We prefer to shard the global model for some reasons:

A model could be too large to fit in the memory of a process. For example, many recommending and ranking models take very high-dimensional (and sparse) inputs, thus require large embedding tables. In such cases, we’d have to have multiple parameter server instances to hold the global model.
Even when a single process can hold the global model, we might still shard it onto multiple parameter server instances, who share the both communication and optimization workload.

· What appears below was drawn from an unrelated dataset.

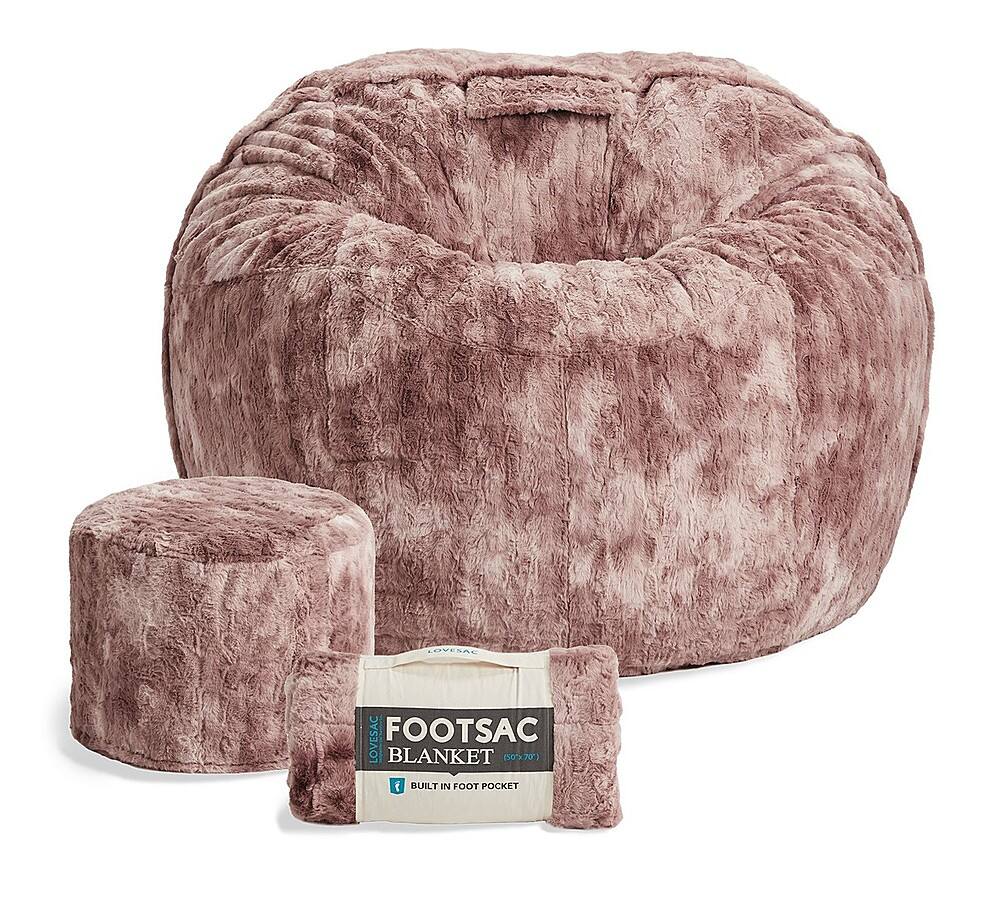 Best Buy: Lovesac Moviesac Bundle Rosé Ice Dyed Phur VM0782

There are several kinds of parameter to be handled separately:

Very big embedding table: Embedding table is a collection of <item id, embedding vector> pairs. There is also a mapping from item id to pserver id, so the corresonding embedding vector will be stored at the certain pserver
Big dense tensor: If the dense tensor parameter exceeds certain size, it will be sliced into several subtensors. The parameter name combining subtensor id will become a unique key, and the value is the subtensor(Please note that the slice tensor operation is zero-copy)
Small dense tensor: The small dense tensor parameter will be stored at certain pserver wholely

The local model on workers and the global model on the parameter server(s) have the same size. In case that large embedding tables make the model size too big to fit in a single process’s memory space, an intuitive solution is to save the model copies on an external storage service like Redis or Memcached.

However, such a solution creates a complex workflow which introduces too many cross-node communications.

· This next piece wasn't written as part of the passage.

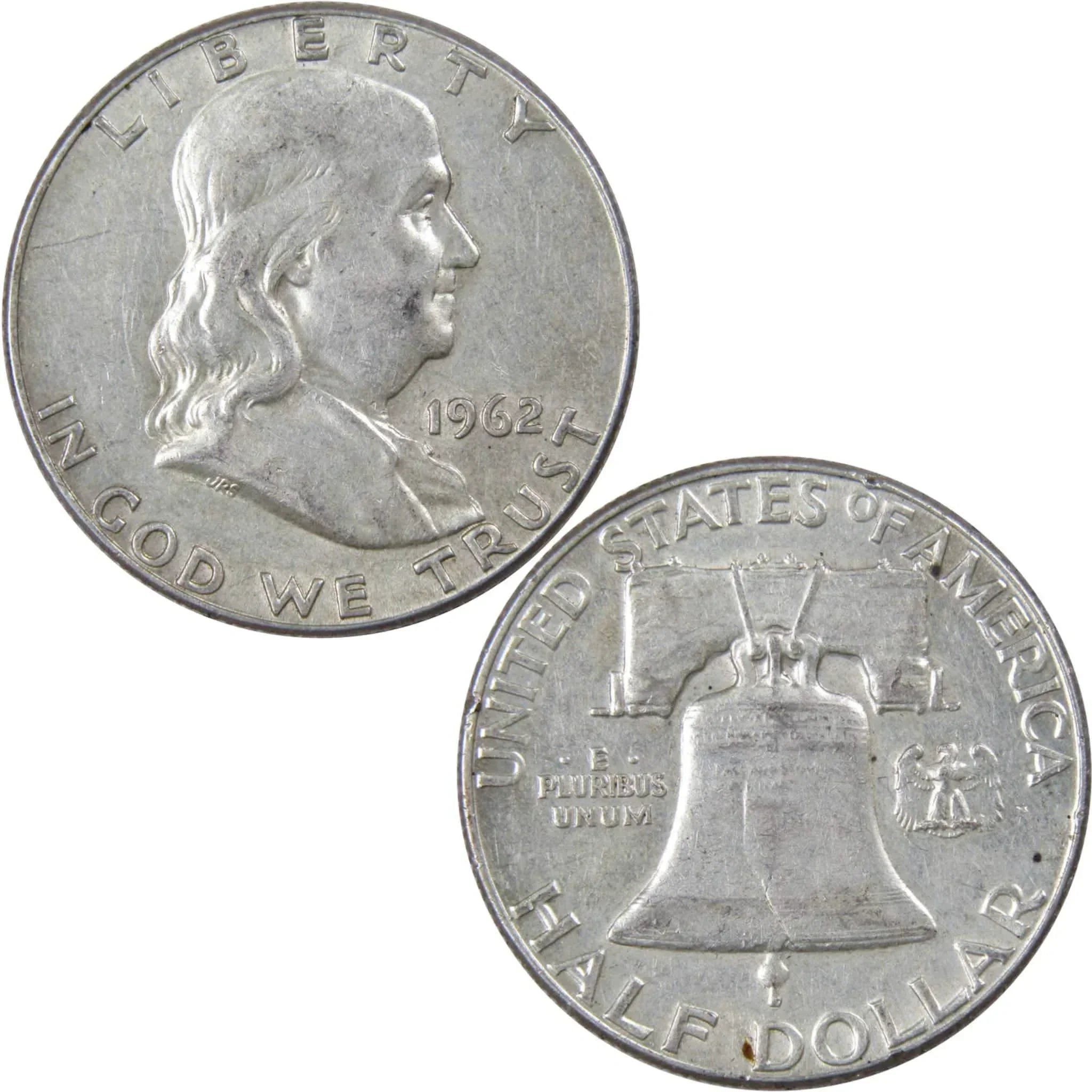 1962 Franklin Half Dollar XF EF Extremely Fine 90% Silver 50c US Coin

We propose an alternative solution that doesn’t rely on Redis or Memcachd. Instead, the global model, including the large embedding tables, is sharded across parameter servers, and the local model contains only part of the embedding table – the small fraction that is required to compute recent minibatch(es).

Parameter Initialization

Parameter initialization of a very big embedding table is lazy. For example, in online learning, there could be unkown item id in the training data. So, until worker send the unkown item id to pserver, will pserver initialize corresponding embedding vector and send back to worker. This is a get_or_create semantic.

Other parameters could be initialized before training.

Distribution Strategy

We apply different strategies to different scenarios.

scenario	hardware	update stragety	communication stragety
Recommendation	CPU	async SGD	Parameter server
CV	GPU	BSP SGD	AllReduce
NLP	GPU	BSP SGD	AllReduce

BSP is short for Bulk synchronous parallel.

Following is the assumption under recommendation scenario:

support asynchronous SGD
support elastic scheduling and failover of pserver/worker

Please refer to Elastic Scheduling part for more details.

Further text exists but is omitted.